El Partido Revolucionario Institucional (PRI) gobernaba sin oposición en todas las entidades federativas y municipios, quedaban muy pocos integrantes de los llamados cachorros de la revolución, esa clase política o militar que había participado de manera directa con los protagonistas de la revolución mexicana, o bien, con sus colaboradores cercanos, como Hermenegildo Cuenca o Marcelino García Barragán, quienes para 1917 eran militares con rangos menores y que se desempeñaban como ayudantes de Estado Mayor.
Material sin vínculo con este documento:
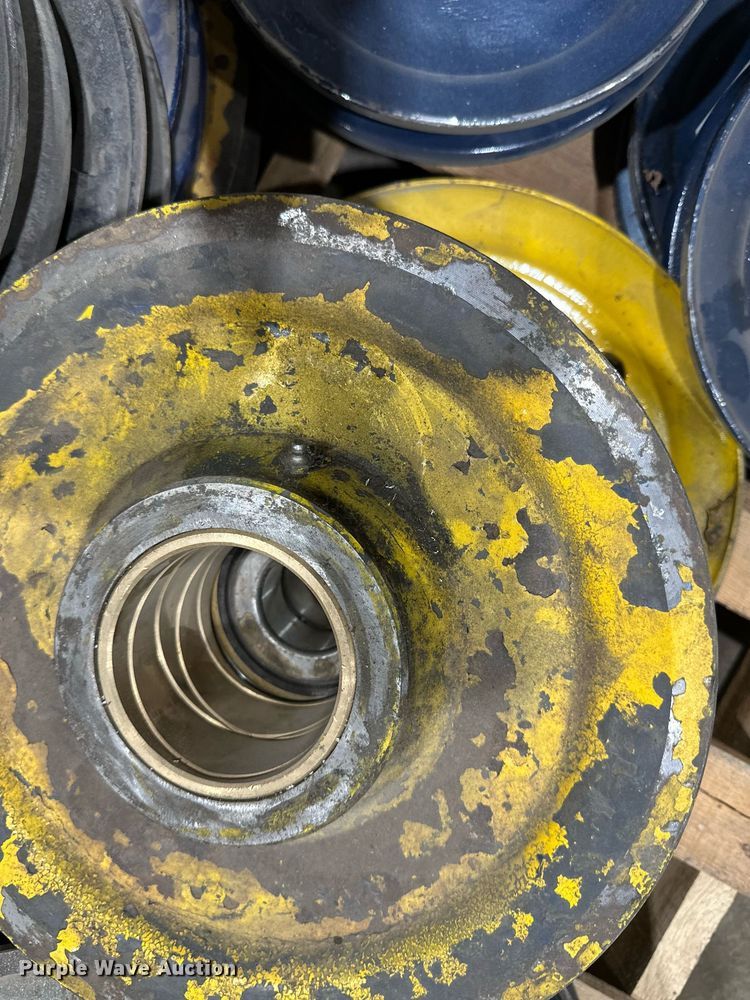 image for item DV0680 Truck parts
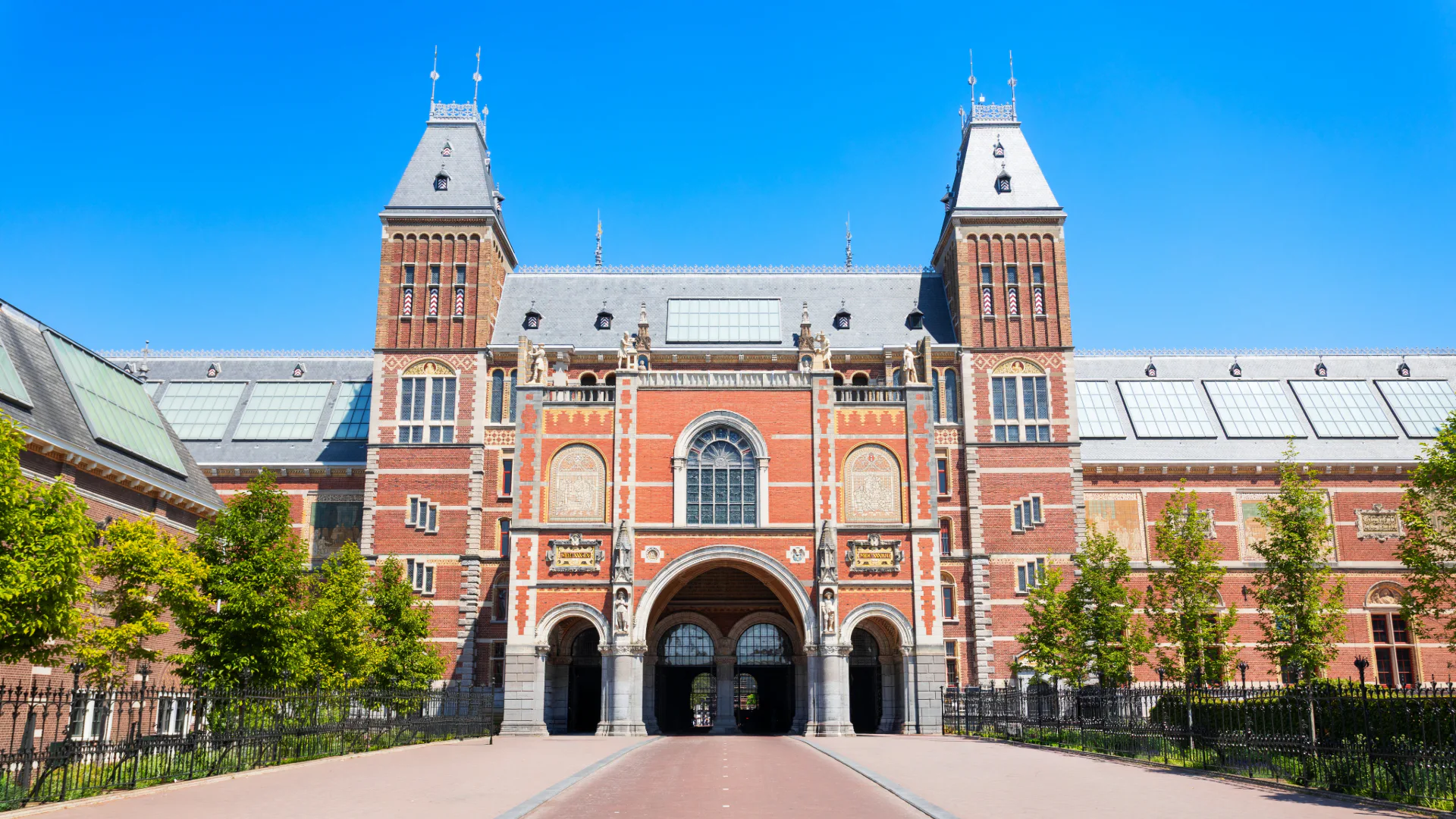 Het Rijksmuseum is maar een van de vele gebouwen die het RVB beheert. Foto: saiko3p/Shutterstock.com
- A la par se distinguían personajes en el desempeño de sus encargos, elevando las instituciones mexicanas a ser notables y respetadas. Por ejemplo, José Vasconcelos, secretario de educación pública de 1921 a 1924 y su modelo de educación pública que persistió hasta la década de 1970.
- Guillermo Soberón Acevedo como modernizador del sistema de salud mexicano; Manuel Velasco Suárez, como fundador del Instituto Nacional de Neurología o Jesús Kumate Rodríguez, luchador incansable en contra de enfermedades infecciosas en el país.
- La diplomacia mexicana tuvo sus luces con Genaro Estrada Félix siendo titular de la Cancillería Mexicana en 1930 y creador de la doctrina que lleva su apellido. Posteriormente vinieron mentes y personajes como Gilberto Bosques Saldivar y su gran desempeño como cónsul de México en Francia o Alfonso García Robles, secretario de Relaciones Exteriores de 1975 a 1976 y ganador en 1982 del premio Nobel de la paz.
Pero, así como el sistema político mexicano reconocía los méritos para hacer nombramientos, así los retiraba por algún improperio o impertinencia política, tal fue el caso del secretario de educación con el presidente Ernesto Zedillo, que tuvo que renunciar por firmar con un grado académico que no le correspondía.
La nación mexicana les reconoce que antepusieron la decencia académica en política y hoy sus méritos son reconocidos por propios y ajenos a estos cuadros creados o impulsados durante la vigencia de los gobiernos del PRI, pero en esta misma tesitura se encuentran pensadores de la izquierda mexicana, como Ifigenia Martínez, Porfirio Muñoz Ledo, Arnoldo Martínez Verdugo, Arnaldo Córdova, Pablo
- González Casanova, Enrique González Pedrero, Adolfo Gilly, Heberto Castillo o Cuauhtémoc Cárdenas, que con su pensamiento movieron los hilos finos del sistema político mexicano para la incorporación de la izquierda en la vida política del país y quienes algunos de ellos enarbolaron célebres debates en el Congreso mexicano al lado de personajes como José Luis Lamadrid Sauza o Juan de Dios Castro.
Hoy en día una de las principales carencias de la administración pública es, la insuficiencia de cuadros formados en las ciencias, las artes o las disciplinas que sigan impulsando todos los avances para aplicarlos en las políticas públicas, y con ello, permitir la consolidación de un segundo piso de la Cuarta Transformación. Pero no sucede, ni ha sucedido.
Si Enrique González Pedrero o Arnaldo Córdova, hubieran sido titulares de Educación, quizás no hubieran permitido los terribles errores en los libros de texto, o mejor aún, e invocando los honores con que la Cuarta Transformación ha honrado a liberales como Benito Juárez, en su calidad de ministro de la Corte, no hubieran permitido que alguien acusado de robo de tesis, sin carrera judicial o con un pobre conocimiento del derecho y con un mediocre desempeño fuera ministro.